NO WRITER ATTRIBUTED

"Football is the only major sport that does not have the ominous cloud of suspicion hanging over it when played by college teams," declared Eddie Morris(formally installed as a member of the Class of 1901 by the Associated Harvard Clubs of the World), former member of the Massachusetts Senate and "The Eye" at all football games in the Stadium.

"I have just completed my 28th year as announcer at Soldiers Field. That means that I started my announcing in 1904, the year following the baptism of the Stadium, when Dartmouth came down and gave us a damn good licking. Having never missed a game in the Stadium in that period, I have seen more close-up Harvard football than any other living individual. The Crimson sweater that I wear at each game is the same one that I put on for my first game in 1904.

"In the early 1900's the game was played in a much different manner than now. During that period it was a contest of Bone-crushing, flying wedge and revolving plays. A redeeming feature of the sport is that the man of ordinary build has become an active participant in the game along with the men of might who played the game when it was very new.

"Up to the advent of the forward pass, the success of a team depended entirely upon brute force. The elimination of the very dangerous plays has made the game safer for the participant and more exciting and spectacular for the onlookers. This new are of the sport has resulted in its gaining the greatest popularity to come to any one sporting event.

"To consider the causes for its popularity it seems to me that the season of the year is largely instrumental. What is more refreshing than to spend a part of a day in the most glorious season of the year, indulging in the activities of an enthusiastic spectator at a college football classic? I have seen people in the audience at the Stadium aroused almost to a point of participation in the slashing plays that they see executed before them.

"The game is a dose of tonic for the people that have spent their week within the four walls of office or study.
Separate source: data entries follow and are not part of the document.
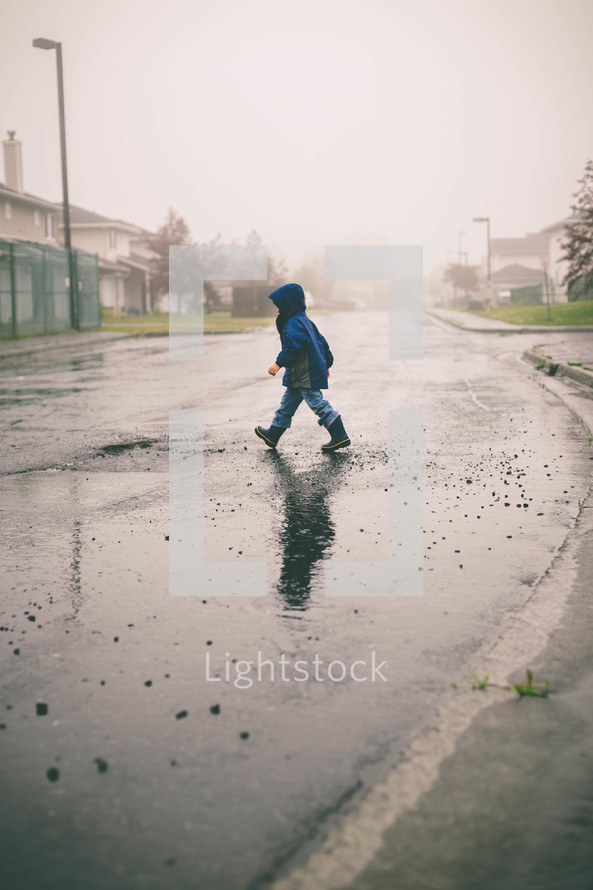 boy child crossing the street 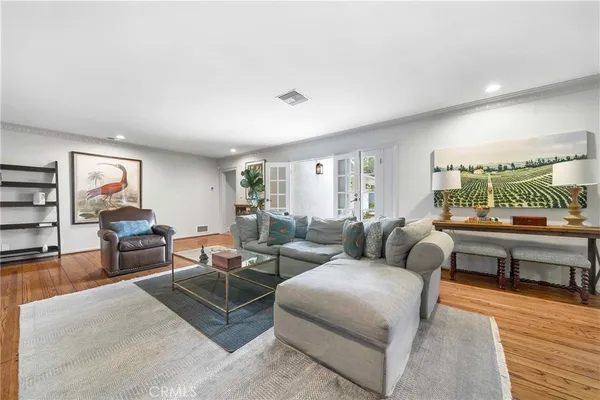 a spacious bedroom with a bed a couch and a dresser with wooden floor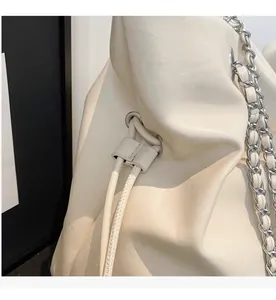Detail of the drawstring closure and silver chain strap on a cream leather bucket bag
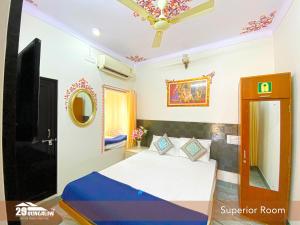 a bedroom with a bed and a ceiling at 5BR Rajkarn Boutique Villa by 29Bungalow in Udaipur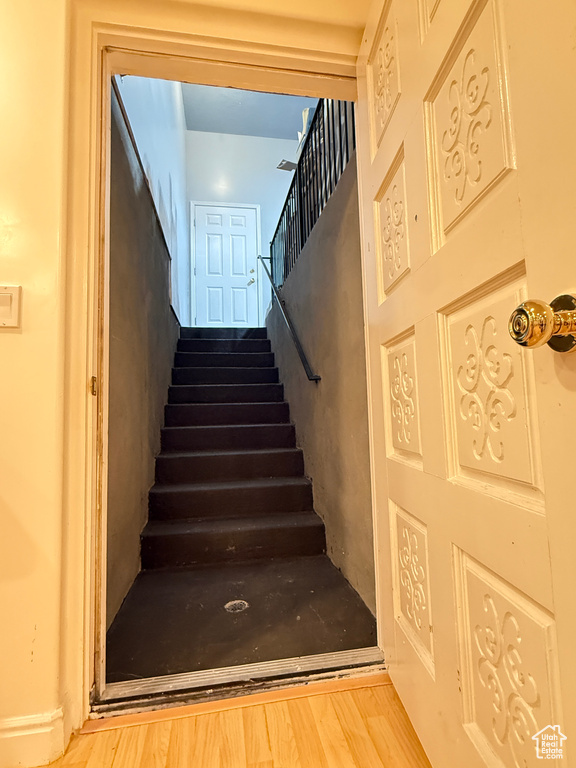 Stairway with wood finished floors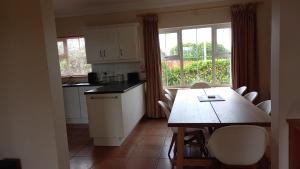 - une cuisine avec une table, une table et des chaises dans l'établissement Dungloe House, à Dungloe 8 autres photos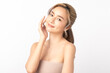 © Shutter B - Happy beautiful young asian woman smile touching her face on white background, clean fresh bare skin concept. Facial treatment, Perfect skin, Natural make up.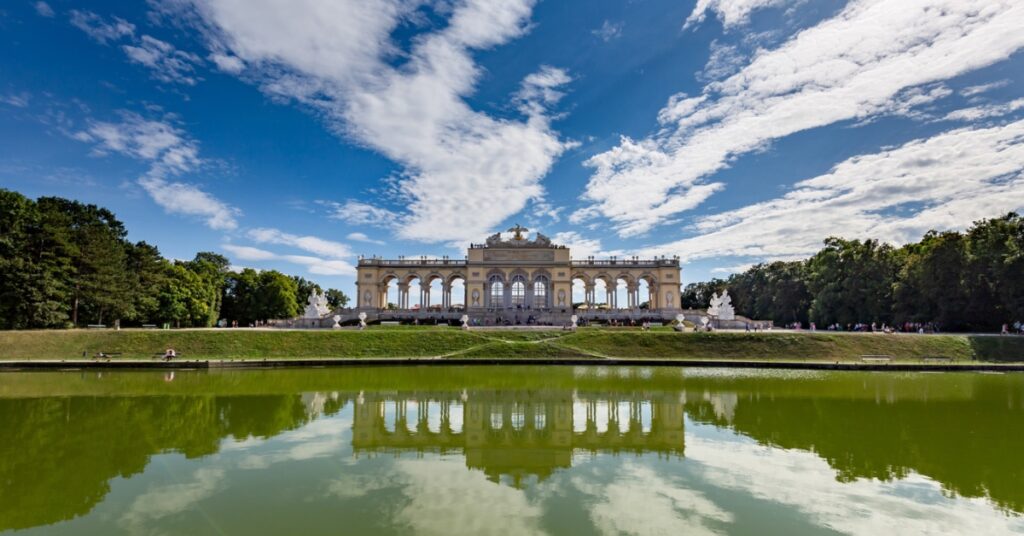 The Gloriette at Schönbrunn Palace stands reflected in a calm lake under a bright sky with scattered clouds.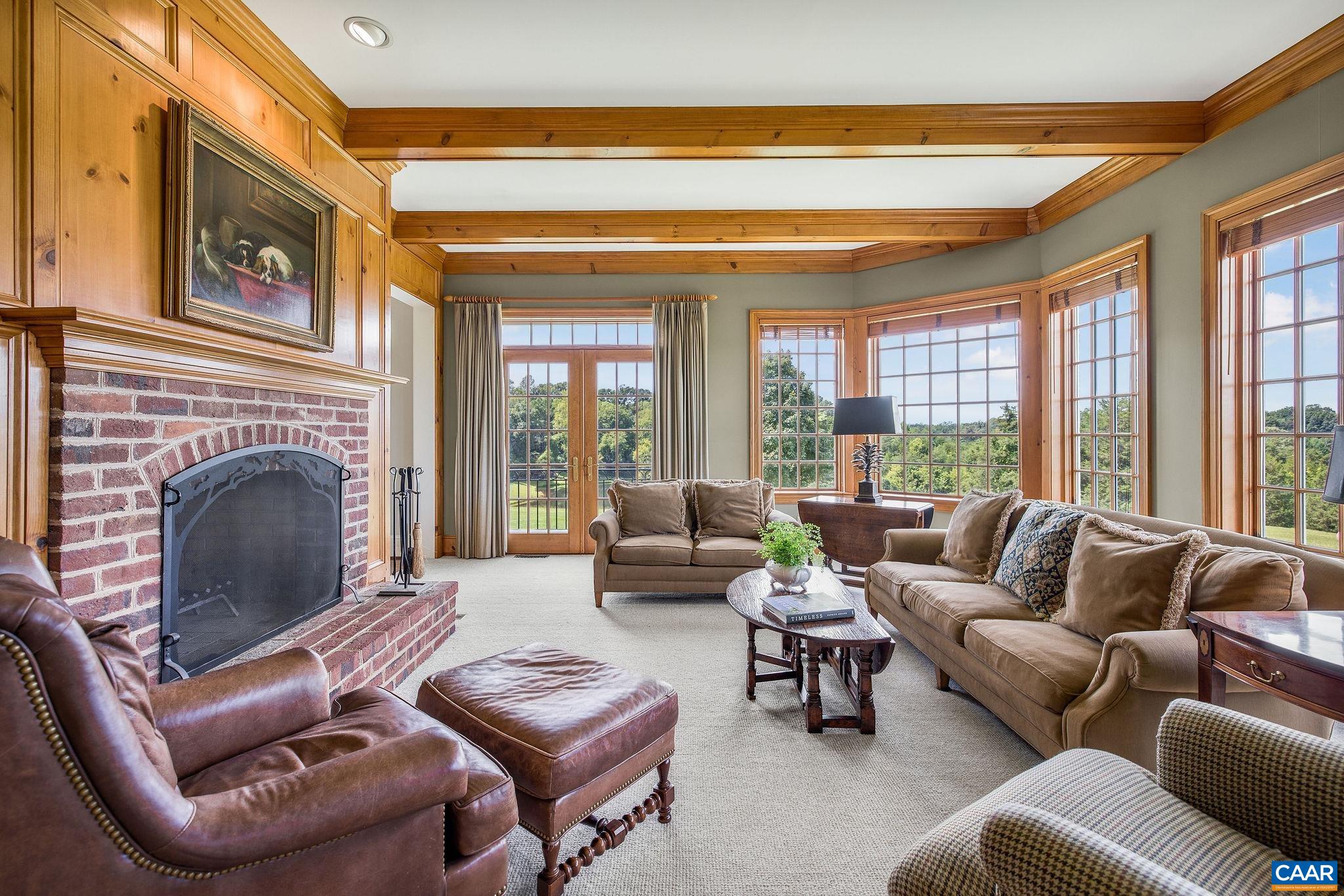 3365 Stony Point Road Charlottesville, VA 22911 - Photo 37 of 75 a living room with furniture large windows and a fireplace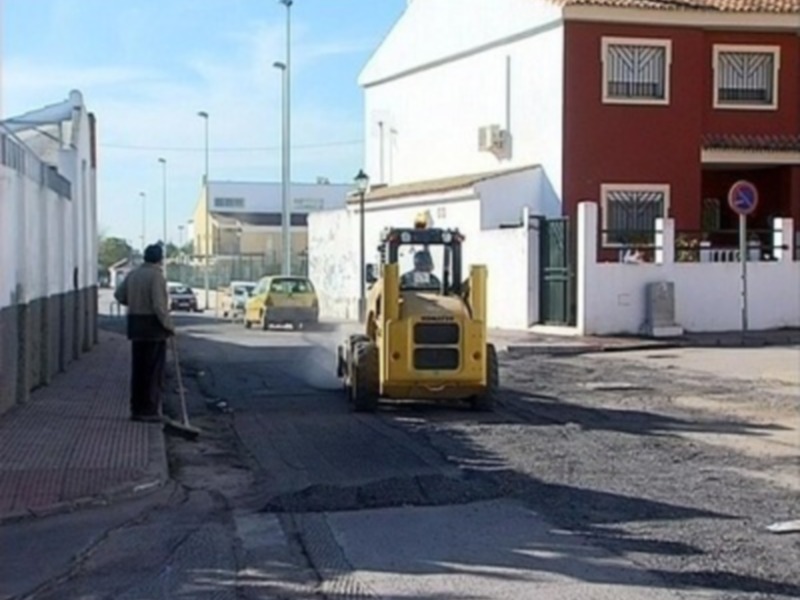 Un trabajador en un camión compactador de asfalto en una calle de una ciudad, con edificios y una señal de tráfico en el fondo.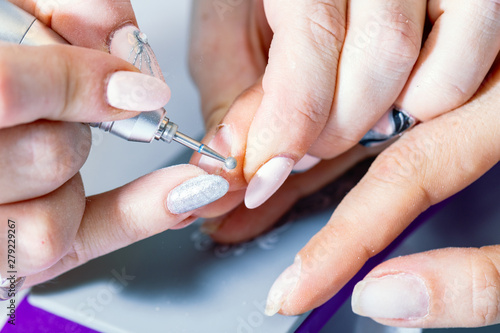 A session of a hardware manicure in the salon  treatment with a round cutter.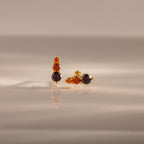 Ombre Garnet Flatback Studs featuring three orange and dark gemstones on a glossy surface with soft lighting—ideal as vibrant earrings or a personalized gift.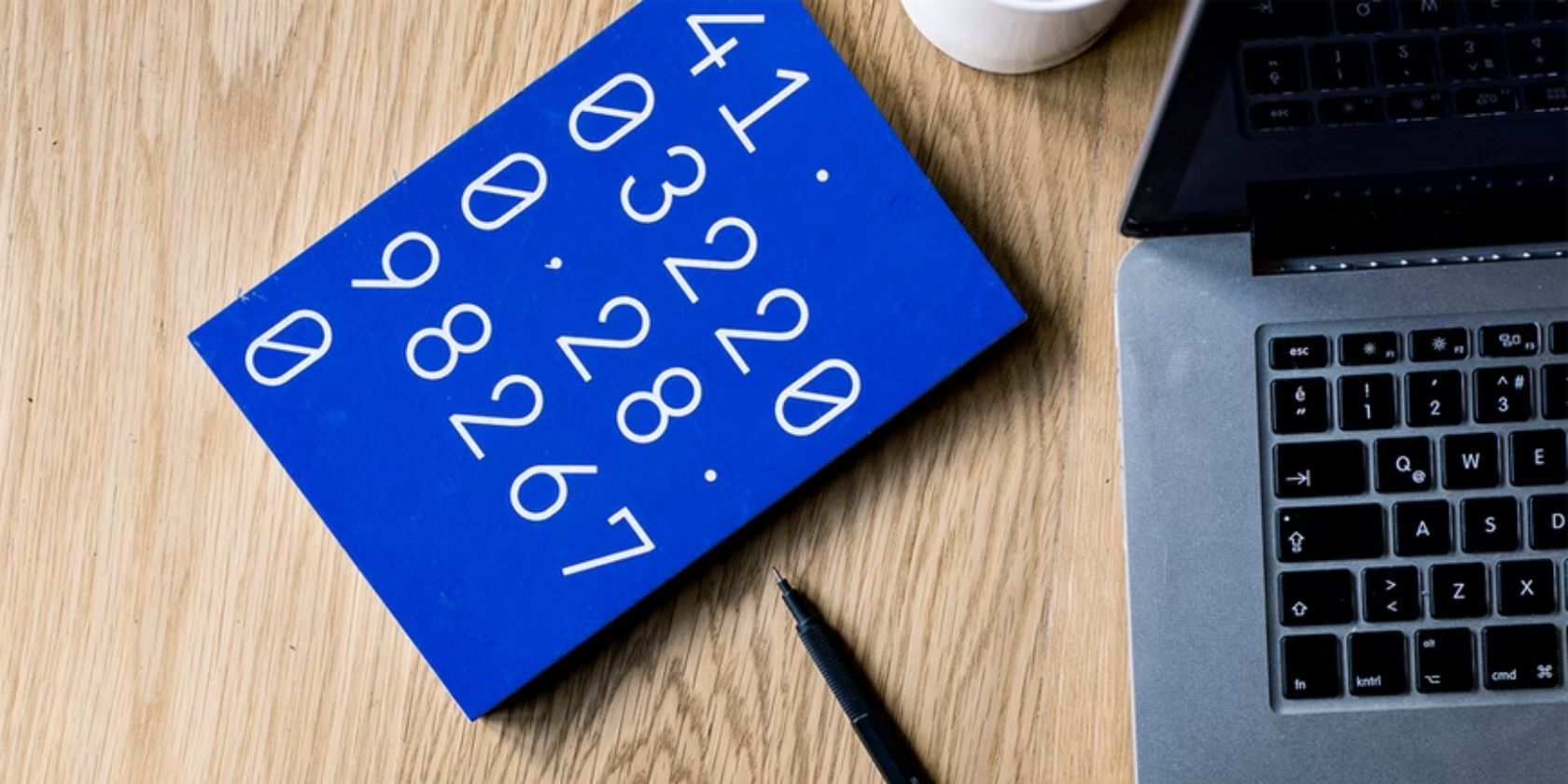 blue notebook with numbers on the cover placed next to laptop and pen on wooden surface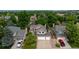 Aerial view of a large home, mature trees and manicured lawns in a well-maintained suburban neighborhood at 7176 S Pierson St, Littleton, CO 80127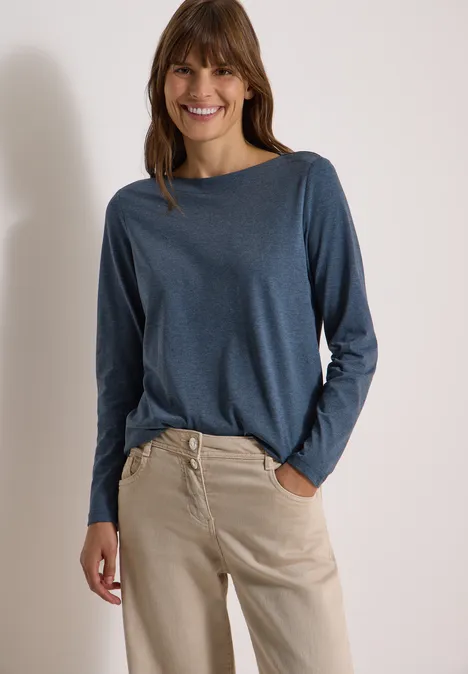 Langarm Shirt mit U-Boot-Ausschnitt moonlight blue melange Lächelnde Frau trägt blaues Langarmshirt und beige, hoch taillierte Hose.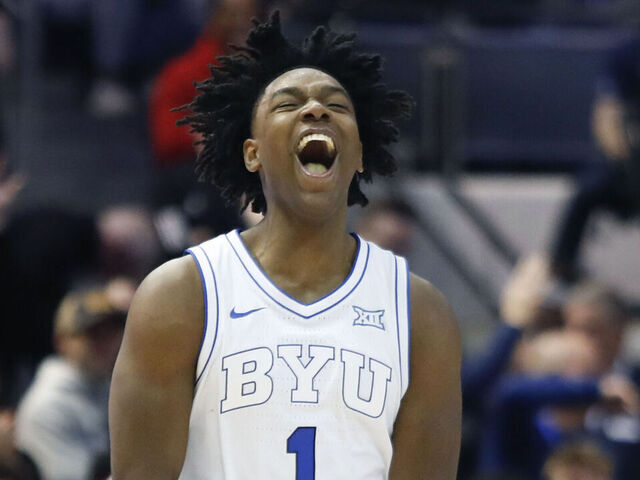 PROVO, UT - MARCH 7: Robert Wright III, #1 of the Brigham Young Cougars reacts as he runs past Donovan Atwell #12 of the Texas Tech Red Raiders during the second half of their game at the Marriott Center on March 7, 2026 in Provo, Utah.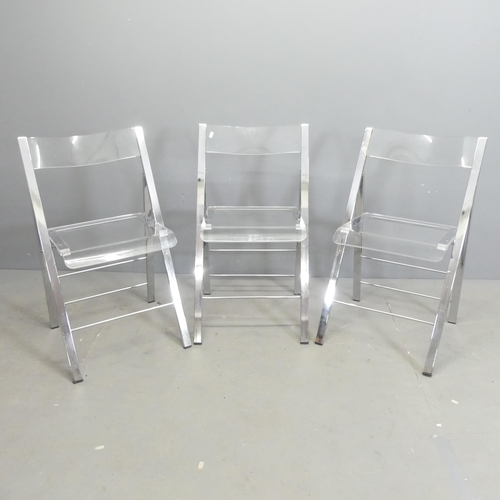 115 - Three contemporary folding chairs, with lucite seats on chrome frames.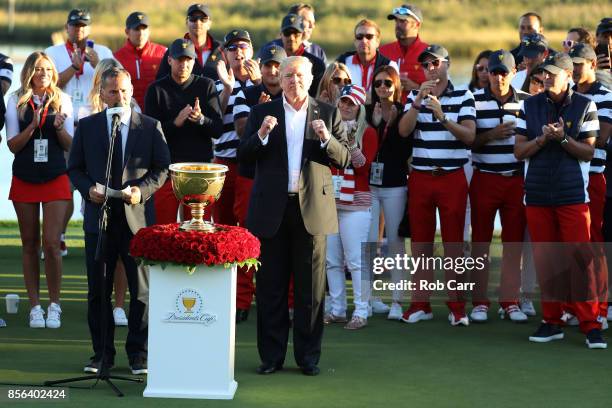President Donald Trump presents the U.S. Team with the trophy after they defeated the International Team 19 to 11 in the Presidents Cup at Liberty...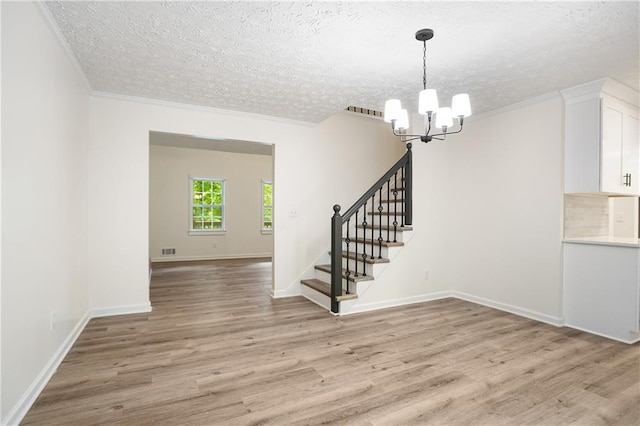 3021 Mills Ridge Dr, Canton, GA 30114 - unfurnished room with a chandelier, a textured ceiling, stairway, light wood finished floors, and baseboards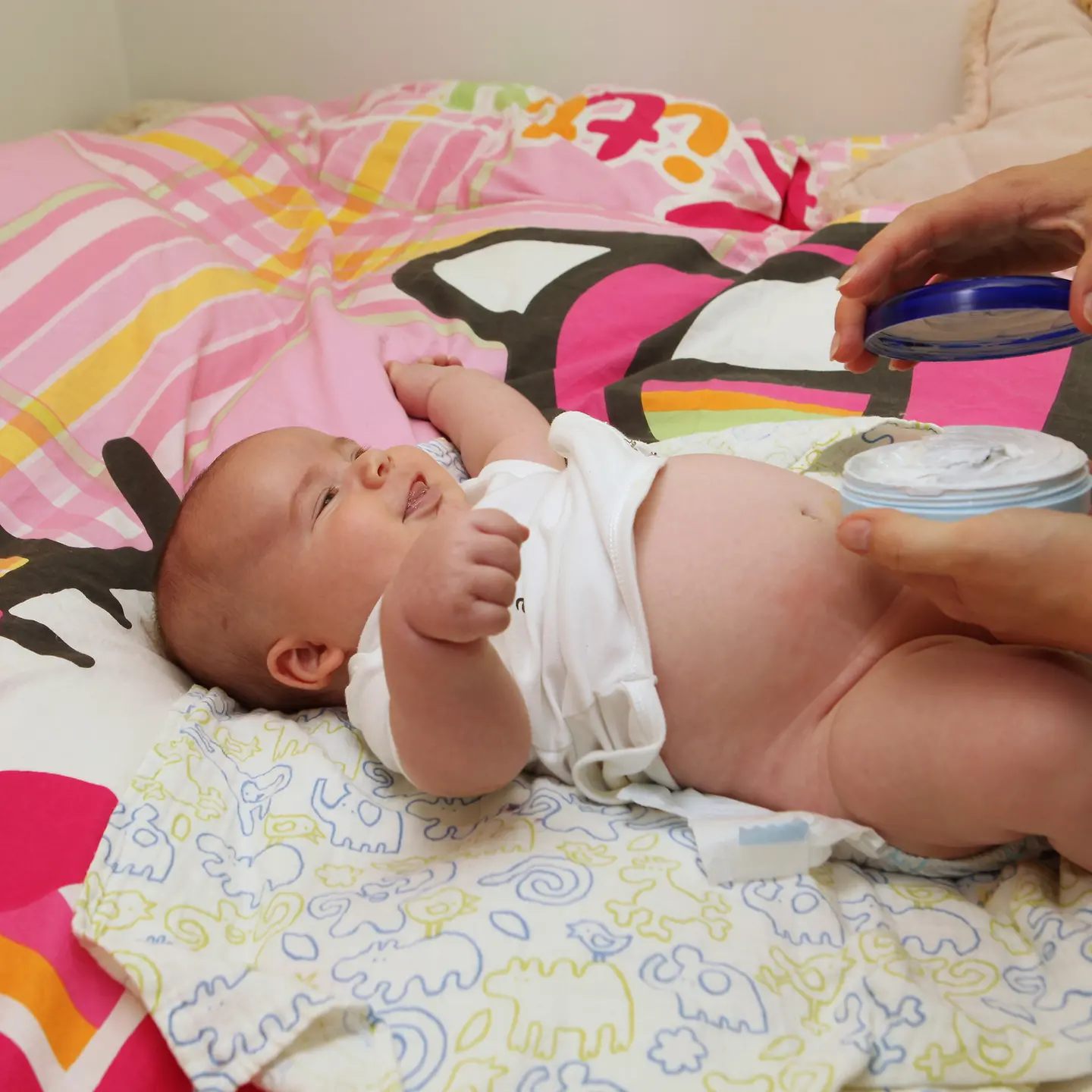Ein Baby liegt auf einer Decke und wird eingecremt.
Even playful old ladies are susceptible to this dose of medicine that is football. Many a good derby has been crushed under their antics of new spirit. There is nothing more interesting than the milling mob on the gridiron at the close of a game. This whole process is one of mob spirit being ventilated.

"A second salient factory in the spirited enthusiasm in football is the fact that it has never come under the finger of suspicion. Never have we heard of a college football game being "in the bag." The sport will ever remain popular just so long as the rules committee forces the employment of officials that are interested enough in the game and will do nothing to detract from its popularity by a questionable decision.

"The final point is, that these young men are giving everything they have in effort and energy; taking severe physical punishment, which comes of necessity in any game of physical contact. They have no thought of any honor of glory for themselves but for whatever prestige or honor that may come to the instituput forth in winning a football game."